Le même propos se répéta plusieurs fois entre Sa'd et le Prophète. Puis ce dernier lui dit : "Sa'd, je donne à des personnes alors que ce sont d'autres qui me sont plus chères, de crainte que les premières tombent dans la géhenne" (Fat'h ul-bârî 1/109).

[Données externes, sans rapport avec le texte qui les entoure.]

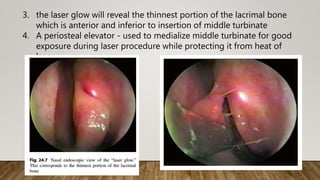 3. the laser glow will reveal the thinnest portion of the lacrimal bone
which is anterior and inferior to insertion of middle turbinate
4. A periosteal elevator - used to medialize middle turbinate for good
exposure during laser procedure while protecting it from heat of
laser
 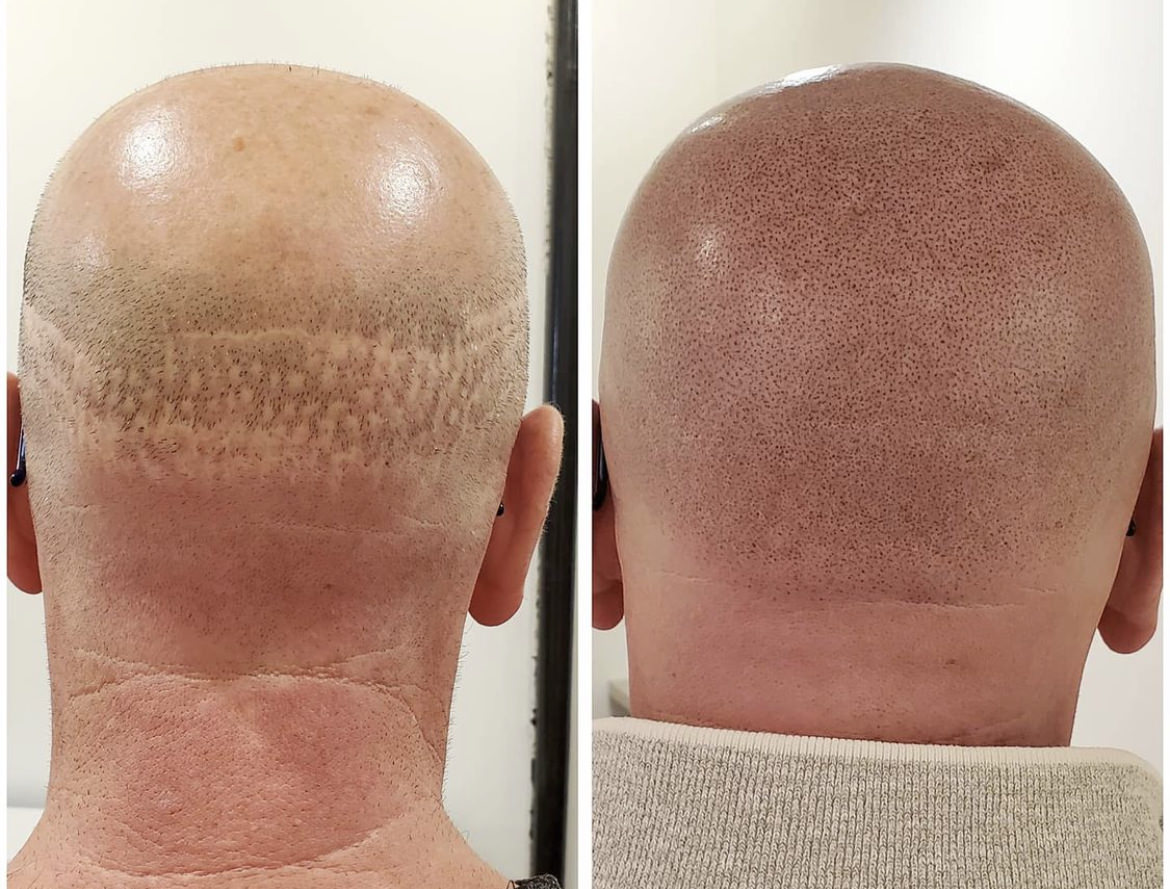 scalp pigmentation fue fut scar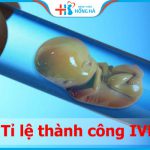 Những kỹ thuật giúp tỉ lệ thành công IVF đạt TỐI ĐA – 7 yếu tố quyết định thụ tinh ống nghiệm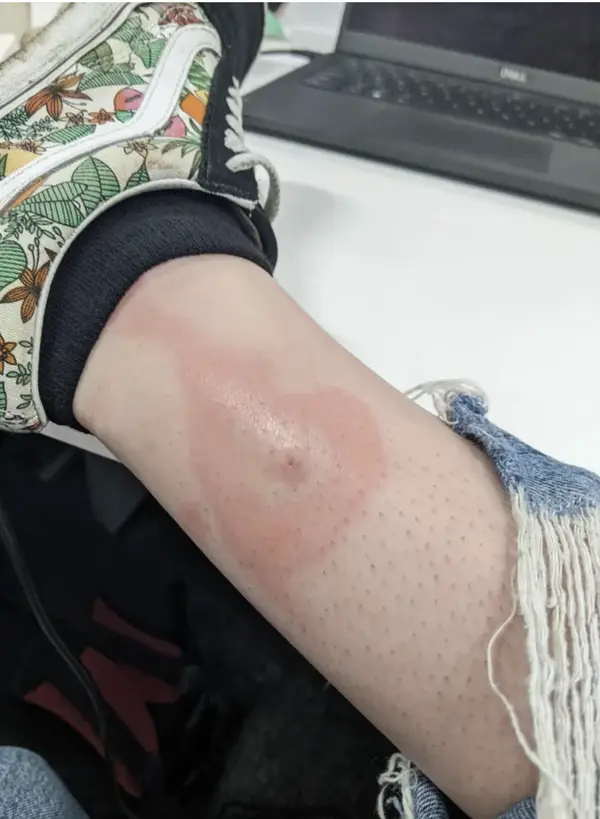 human body Lyme Disease: A Tick-Borne Tragedy Captured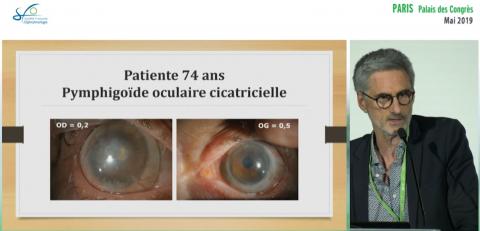 Gérer une cataracte derrière une cornée opaque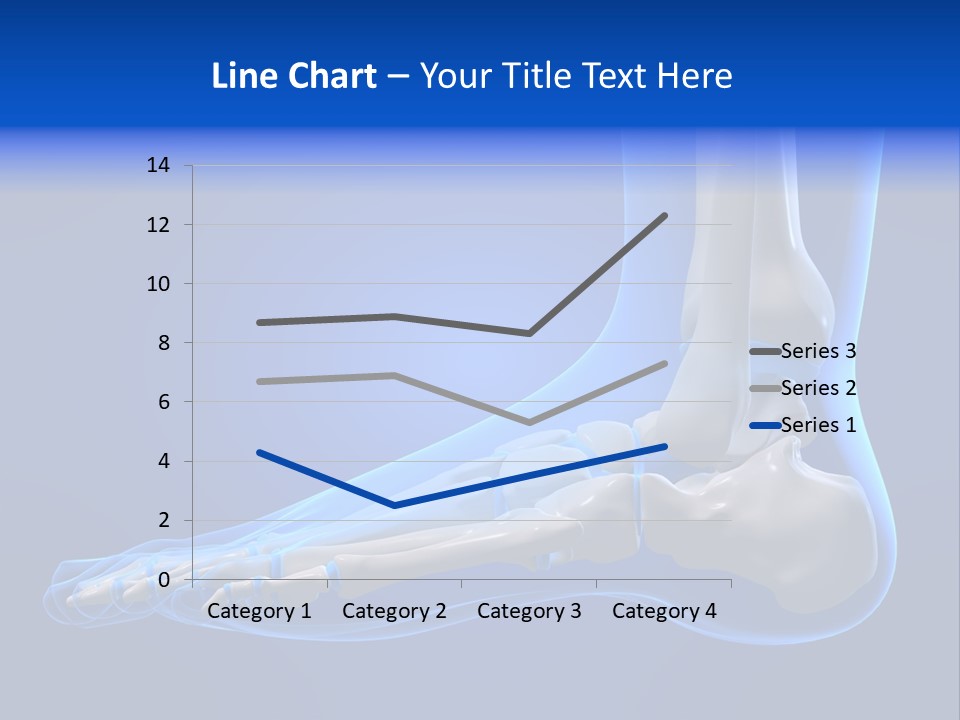 Pain Chondral Ankle PowerPoint Template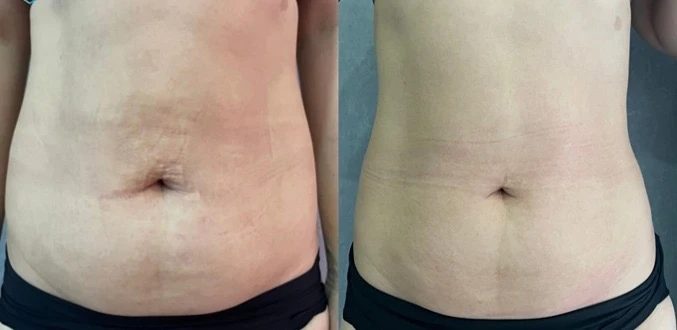 Velalaser EMS+RF+Lipolézer – részlet és kezelési eredmény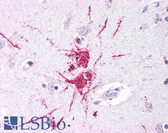 Anti-GPR52 Antibody (C-Terminus) IHC-plus LS-A445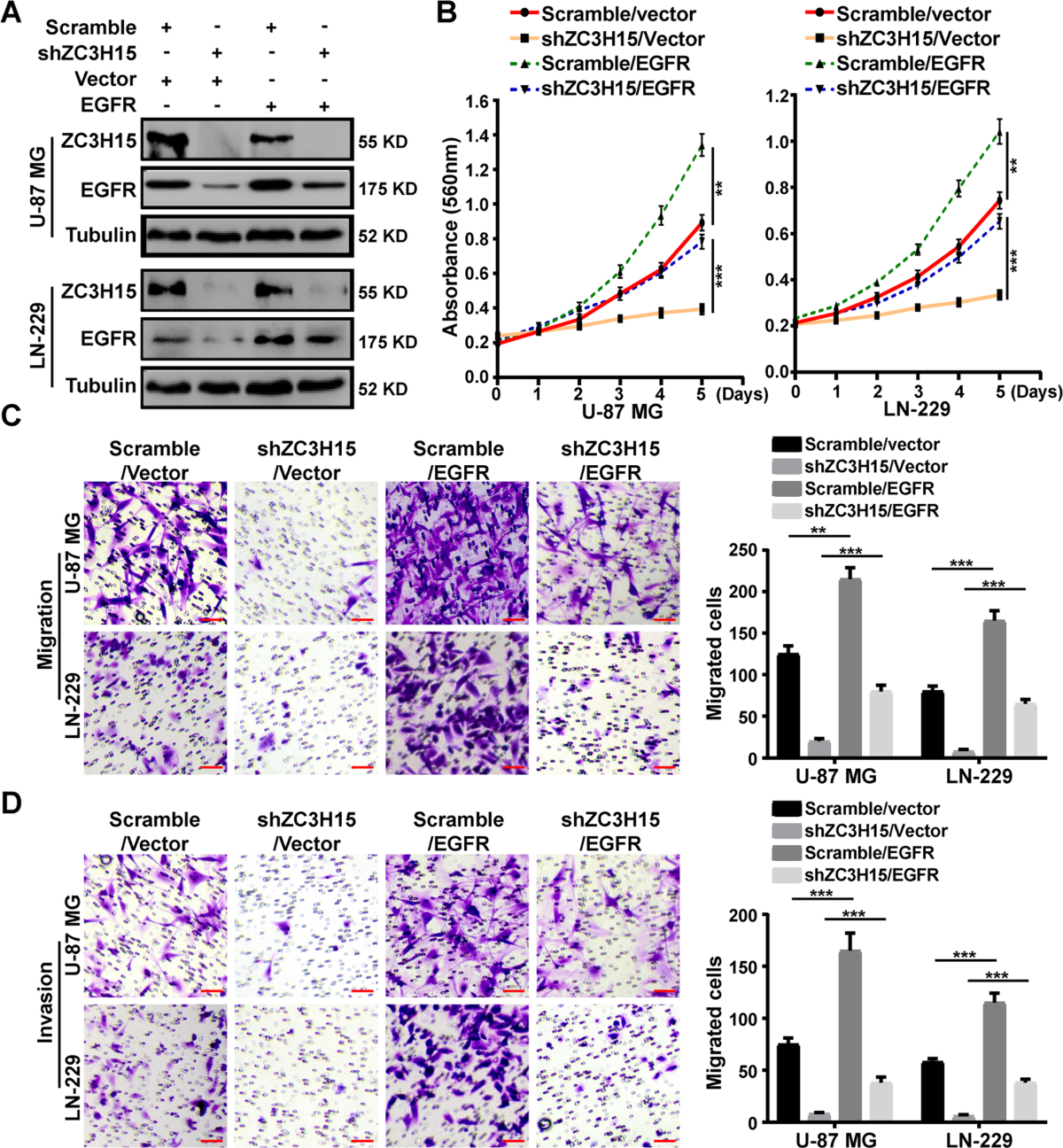 ZC3H15 promotes glioblastoma progression through regulating EGFR stability  | Cell Death & Disease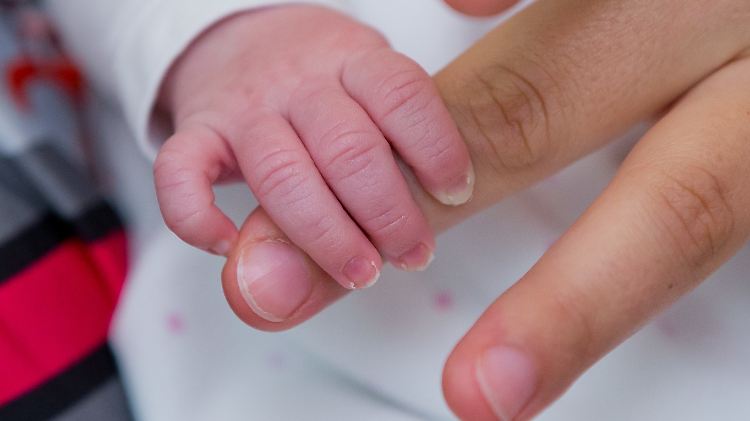Fünf Finger an jeder Hand und fünf Zehen an jedem Fuß: Bei jeder 500. Geburt ist das anders.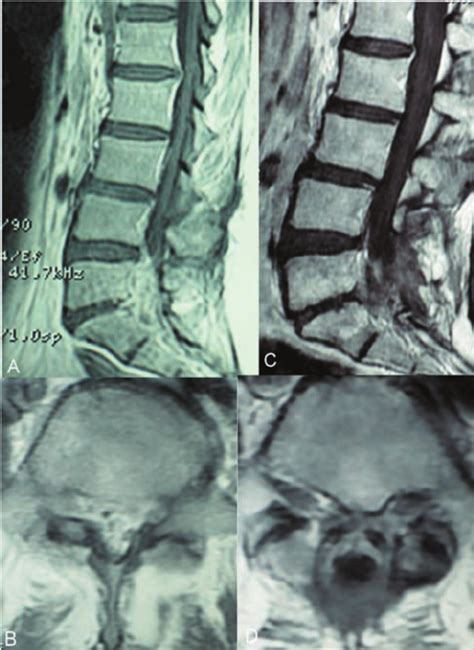 A Sagittal T1 Weighted Mr Images With Contrast Demonstrated Marked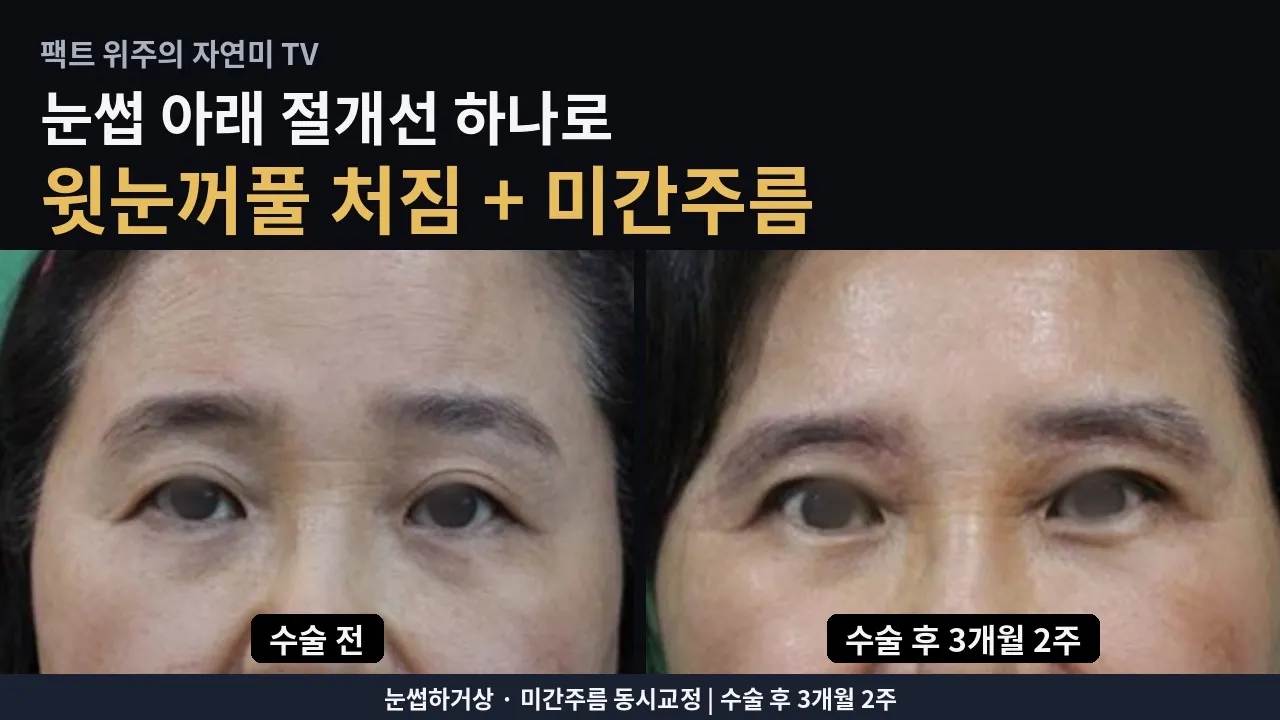 눈썹하거상 + 미간주름 동시교정｜60대 초반 여성 수술 후 3개월 2주#눈썹하거상 #미간주름 #미간주름근본교정 #윗눈꺼풀처짐 #중년눈성형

Ce qui nous intéresse ici est ce propos du Prophète : "Ne dis pas "mu'min", mais plutôt : "muslim"" : on note que Sa'd n'avait pas utilisé les deux termes "mu'min" et "muslim" côte à côte (comme dans le hadîth que nous avons vu en A, plus haut) : il n'avait employé que le mot "mu'min" ; malgré tout le Prophète lui dit de ne pas utiliser le terme "mu'min" mais de lui préférer le terme "muslim". Le premier est donc général, le second plus particulier : toute personne véritablement "mu'min" est aussi qualifiée de "muslim", tandis que certains "muslims" ne sont pas qualifiés de "mu'mins", puisque soit ils ne croient pas du tout dans leur cœur, soit leur foi n'est pas complète dans leur cœur (nous allons le voir ci-après).